Nomathamsanqa Sithathu|Published

With three days left until the annual Joburg Pride march, community divisions escalate as Joburg Pride faces boycott over Amazon sponsorship.

Image: Timothy Bernard African News Agency (ANA)

Pride of Africa founder Kaye Ally has issued a statement on Thursday, October 23, two days before the annual Pride march, addressing growing controversy around the event. 

Ally clarified that Johannesburg Pride did not officially onboard Amazon as a partner for this year’s event. Preliminary discussions with the company, she explained, were released prematurely on a platform outside of their control before any formal agreement was finalised.

Ally also noted that Johannesburg Pride had not been allowed to respond to the open letter before it went public.

“As an organisation committed to transparency, accountability, and meaningful engagement, we believe open dialogue should always precede public statements of this nature,” the statement read. 

Ally added that the organisation remains focused on creating a safe, inclusive, and affirming space for the LGBTQIA+ community and their allies, built on truth, respect, as well as collaboration.

This year’s Joburg Pride marks 36 years of solidarity and is set for Saturday, October 25. The event is one of the largest LGBTQIA+ advocacy gatherings in Africa, promoting empowerment, visibility, and community.

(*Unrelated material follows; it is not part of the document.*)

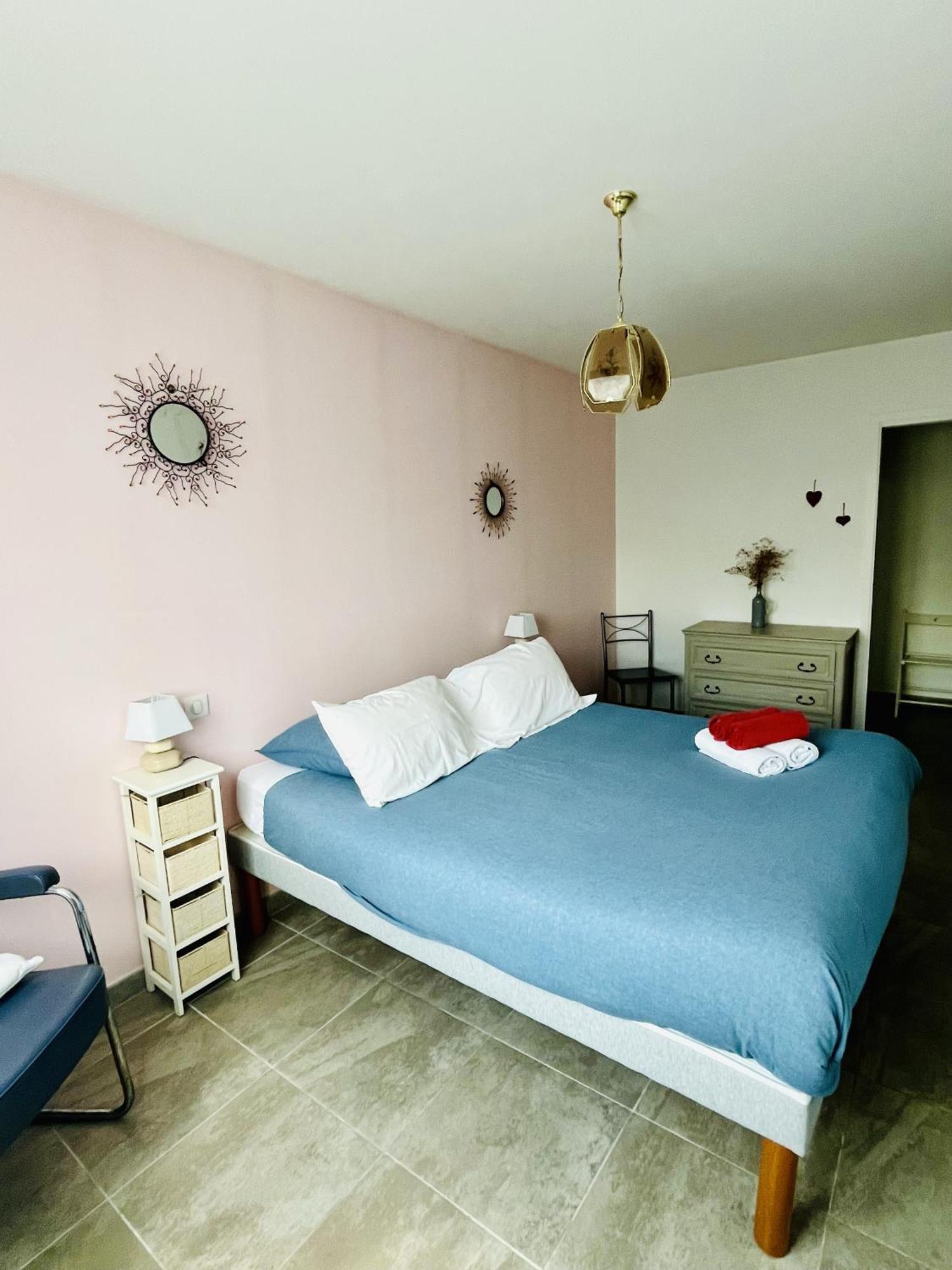 Bed and Breakfast Mas Saint-Ange Lunel  Esterno foto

The controversy started after an open letter circulated, accusing the event of betraying its activist roots and prioritising corporate partnerships over genuine community representation.

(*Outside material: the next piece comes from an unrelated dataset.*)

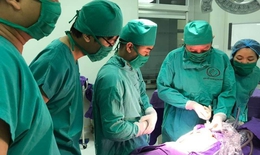Em bé vừa chào đời đã có "u quái" ở hậu môn
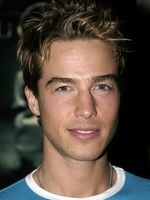 Ryan Carnes Senscritique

The open letter to Joburg Pride and the queer people of South Africa.

Image: X/@bevditsie

Signed by organisers under the name “NoGoBurg Pride” and endorsed by various queer groups, the letter also recalled the 2012 clash between the “One in Nine” campaign and Joburg Pride organisers, when activists were denied a moment of silence for murdered Black lesbians and transgender people.

The letter urged queer South Africans to reject what it called the “corporatisation of Pride”, wear black to protest, donate to mutual aid funds, and attend alternative Pride gatherings.

It also called for solidarity with global struggles, including Palestine, Sudan, and Congo, stating, “Pride is meant to be a protest, not a branding exercise.”

LGBTQIA+ activist Beverly Palesa “Bev” Ditsie, who is a founder of “House of Ditsie” and one of the key organisers of the first Johannesburg Pride in 1990 alongside the late activist Simon Nkoli, has weighed in on the discussion on X.

Ditsie posted that “House Of Ditsie” endorses the shared letter wholeheartedly and offered an alternative pride celebration, inviting the public to attend the “Nostalgia Pride Picnic” held by her organisation at Zoo Lake this Saturday.

“So you want to celebrate Pride, but you really don’t want to support capitalism and genocide? Woza nabangani bakho (come with your friends),” she wrote.

The public also shared their views about this year’s Pride march. 

X user @scouserscuderia commented: “I really do believe that JHBPride's commercialisation erases the struggles of queer South Africans and exploits the actual social cause for financial gain.”

Another user @enbyfatale said: “This pride (especially South African pride, given our history) has ALWAYS been political. Depoliticising pride is capitalist, disrespectful to the pioneers of queer liberation in South Africa, and ultimately, homophobic.”

While @Karabokgoleng commented: “Joburg Pride is very white supreme. My kid didn't understand why I wouldn't participate in the Melrose Arch one. Not all queer spaces are safe. Eish.”